The global firm is one of DAX 30 firms, big firms that are quoted for German stock index.
I recently tried to find an answer during a longer-than-one-hour interview with Dr. Frank Stangenberg-Haverkamp, leader of the conglomerate.
Initially, I felt tempted to say that it was a unique governance structure but concluded that this only partially explained it. The real answer was uttered by the interviewee toward the end of interview. "We don't own the business. We are just trustees."
"You need a mindset of austerity, you have to save money and you have to live for the company."
Stangenberg-Haverkamp is the chairman of the Family Board and heads the Executive Board.
The company's governance structure needs some explaining because it is unique by any corporate standard.
Merck is basically a family business with only 30 percent of it listed. So there arises the need for the Family Board, composed of family members, that oversees their interest and gets involved in big decisions which can affect their stake.
Then, the Board of Partners is composed of five family representatives and four outside members, and controls business operations.
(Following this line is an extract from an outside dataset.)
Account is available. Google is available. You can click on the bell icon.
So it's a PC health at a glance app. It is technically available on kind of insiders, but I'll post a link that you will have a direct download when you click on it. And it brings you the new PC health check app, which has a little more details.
The beauty of this dual system prevents the owner family from dictating the terms of management for their interest alone and accommodates outside scrutiny.
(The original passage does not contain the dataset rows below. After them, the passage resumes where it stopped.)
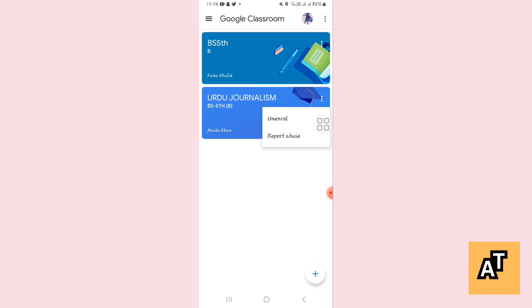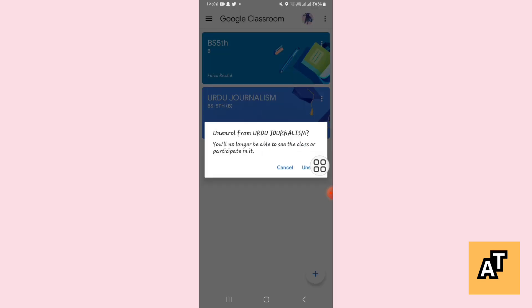Now it will give you again this notification. Tap on unenroll again and you will be unenrolled from the class, from your classroom. So this is how you can do it. It is pretty much easy and a pretty much simple process.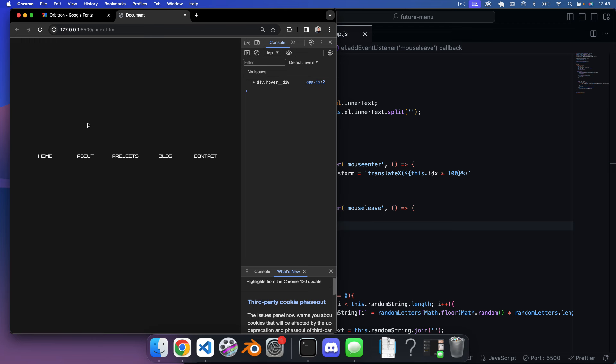You can see we now get that cool effect — the jumbled letters appear on hover, and when you leave the menu the hover div disappears. I hope you enjoyed that, thanks for watching. Any questions, leave a comment and I'll try my best to answer — see you in the next video.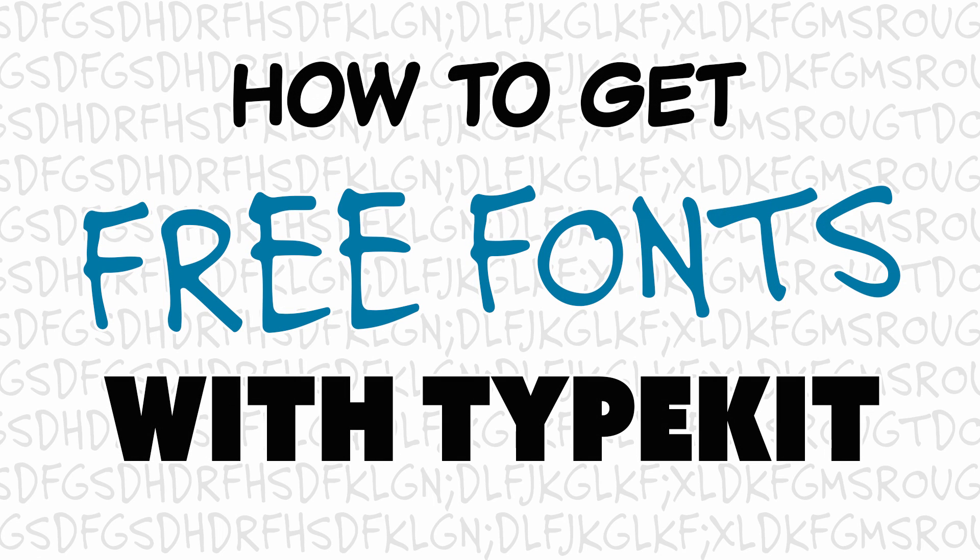In this Photoshop tutorial, we'll take a look at the Typekit fonts that you can access with your Creative Cloud subscription.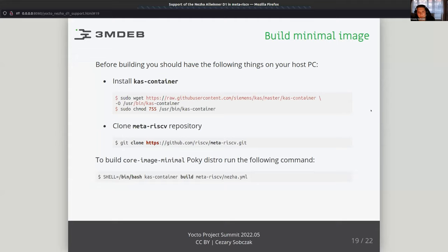Let's see how you can build a reference Poky distro for the Nezha board. Before building, you should have the CAS container installed on your host PC — you can get it from the Siemens CAS repository on GitHub. You also need the source code of the Yocto meta-riscv layer, which can also be downloaded from GitHub. The last thing is to just run one command from a terminal to build core-image-minimal for the Poky distro.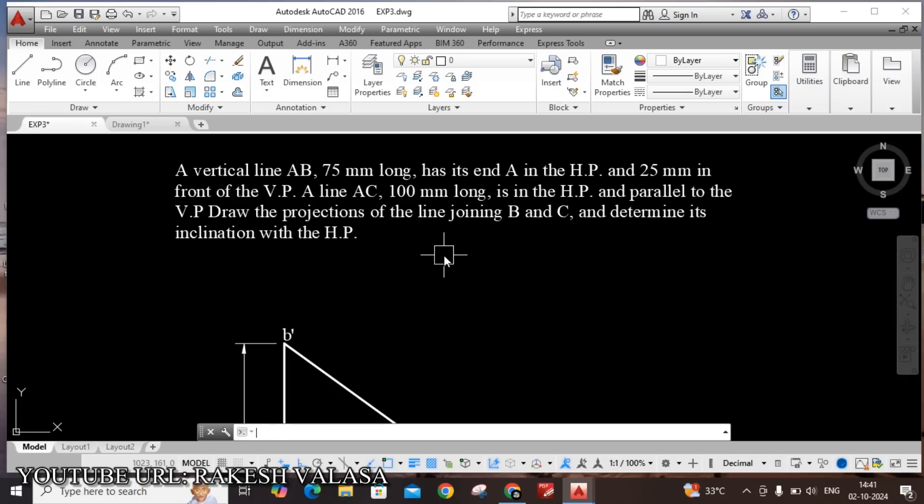Hello everyone. Welcome to Engineering Graphics through CAD Laboratory. I am Rakesh Valasa. In this video lecture, I am going to explain how to draw the given projections of straight lines problem in AutoCAD software.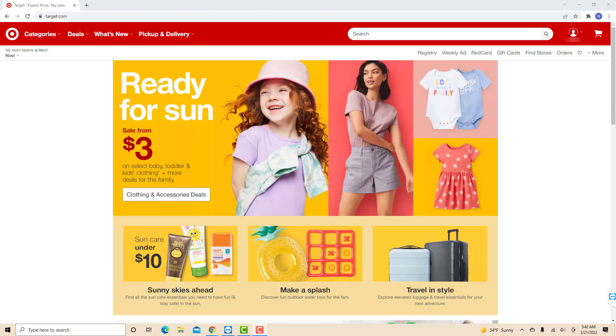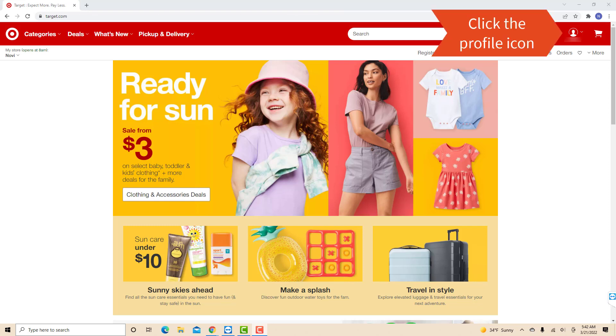Once you're signed in, you will see a profile icon at the upper right corner of this page. Click on the profile icon.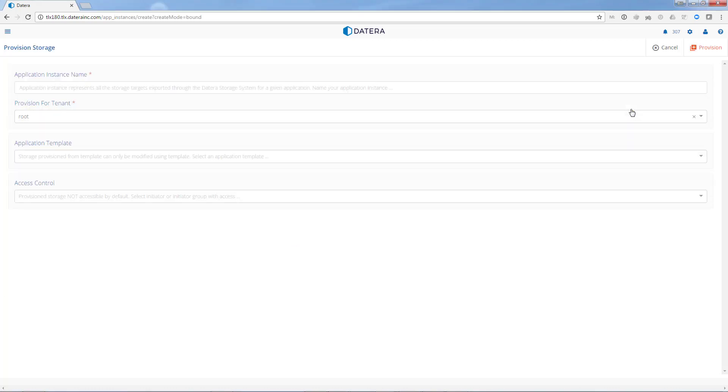So we're first going to navigate to the provision storage from template page. We're going to give it an application name.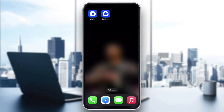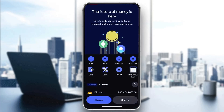The first thing you want to do is go ahead and open up the official Coinbase application on your mobile phone. After opening up the application, you'll be greeted by this main page right here where you can go ahead and sign up for a new account if you do not already have one, or sign into an existing account from which you want to withdraw your money.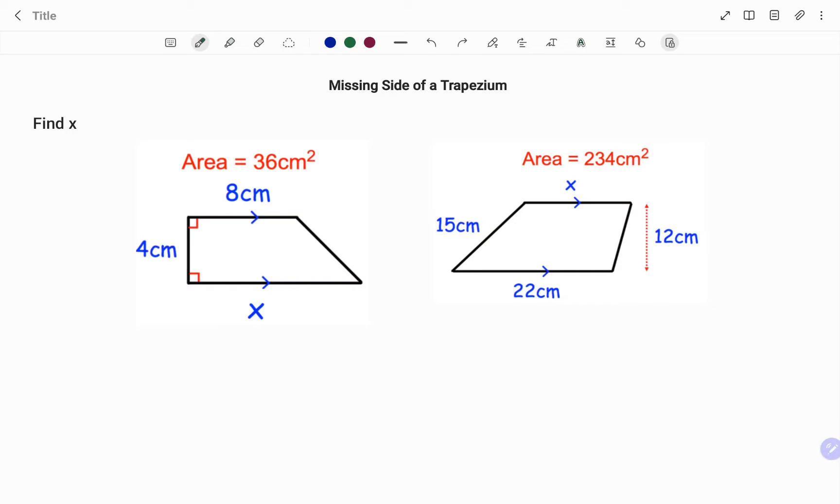Hi everyone, this is your math guru. In this video I'm going to show you how to find one of the missing sides of a trapezium or a trapezoid. Please don't forget to click on the like and subscribe button below for more easy to understand math concepts.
A system can be perfect but the devil is in the people, who can run it into ground or make it a success.
The "trustee mentality" that the Family Board chairman refers to is the very linchpin that makes an amazing corporate example out of Merck.
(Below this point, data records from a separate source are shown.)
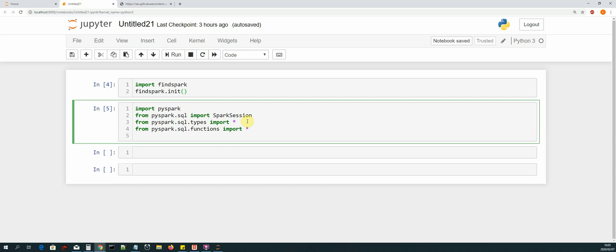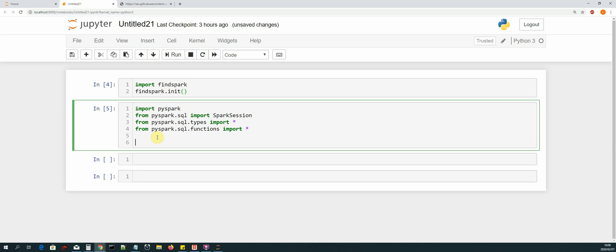We also need to do some data type conversions from one type to another, so we'll need to use some of the sql.functions methods. As well as being able to manipulate the data in the DataFrames, we also need to use functions for that — that's why we import sql.functions. Make sure that the code we had previously is removed and all that we have is the import statement to initialize FindSpark.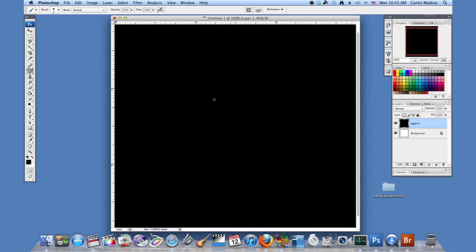First we have this layer that's nice and black. It makes a good backdrop to what we're about to do. I'm going to make a new layer over that.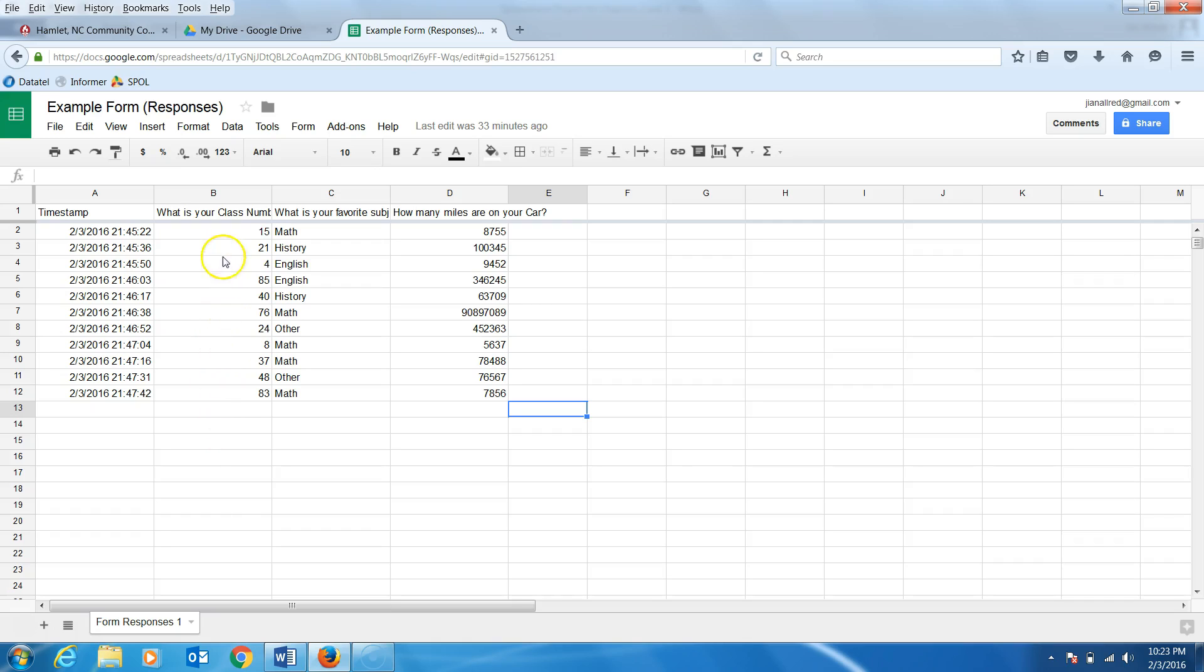First, notice the data in column B. It is not in any kind of order. To sort, you should select the data that you want sorted.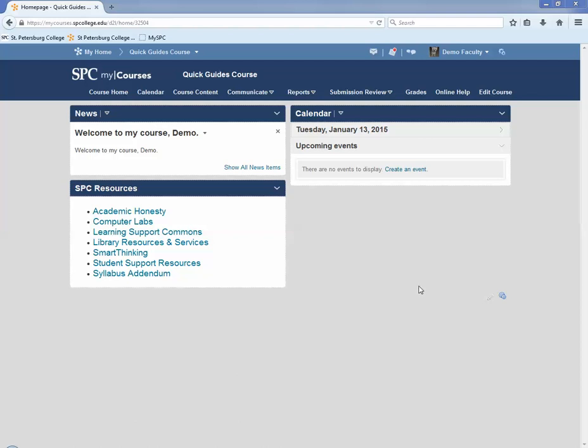Most faculty will allow students only one attempt when taking a quiz. There are times when you may need to reset the attempt so the student can take the quiz again.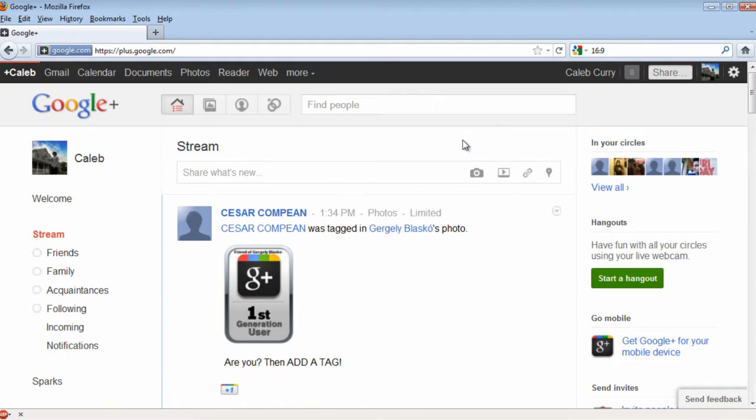Google Circles are similar to adding people on Facebook or following them on Twitter. Circles are all the same — they're just for organization.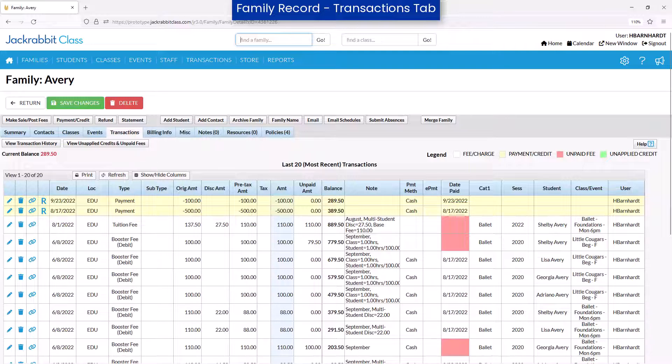There are multiple ways to edit transactions in JackRabbit. Individual transactions can be edited within the family record using the pencil icon.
That also boils down to one cardinal principle ― a willingness to play by the rules, according to the chairman, 65, himself a scion of the founding family.
"I personally favored listing the firm," he said, citing the additional outside scrutiny it would entail from the media, stock exchange, analysts and banks.
Merck was listed in 1995, a decision made as the result of strong growth that was also accompanied by debt.
The listing was seen as a landmark in the company's history, resulting in an eight-fold growth in turnover to 11 billion euros and a quadruple increase in employment to 40,000. Plus, it is now debt-free.
Forward-looking but realistic
The chairman appears to be growth-oriented but with a healthy dose of balance.
"I would rather own 60 percent of a firm with a turnover of 20 billion euros than 70 percent of a firm with 11 billion euros," he said.
In other words, the firm could go to the stock market to acquire the right target but any such decision would be carefully considered because if the family surrenders any stake, it would be lost forever.
"We are in four areas and we will not enter a new field," he declared, adding that Merck is open to making an acquisition, perhaps in the consumer health or over-the-counter field. He made clear that nothing has been decided and the firm is capable of making a sizable purchase without hurting its current cash flow.
Merck's four areas are consumer health, cover biopharmaceuticals, high-tech chemicals and life science tools.
They are interconnected with each other in one way and complement each other in another.
This focused portfolio makes it possible for the group as a whole to weather cyclic ups and downs facing one component firm or another.
Transparent
Himself included, the chairman says no family members are entitled to inherit a job at the firm.
"A smell of nepotism!" he said. Merck's owner family numbers about 250 people with 153 holding stakes.
He said that even scions have to prove they are capable outside Merck first.
"If you are a private company, you may do it at your own risk," he said. "But for a big listed firm, it would not be possible under the German corporate governance regulations."
When compared to chaebol inheritance practices, he further went on to say that ownership and management should be separated but with rare exceptions.
"Sometimes the owners can be good managers," he said. "Otherwise, leave it to the professionals."
He metaphorically compared it to the Samsung chairman sending his son to LG, asking the rival firm to give him a hard time.
And it would be about him getting out, experiencing the real world and coming back as a capable man.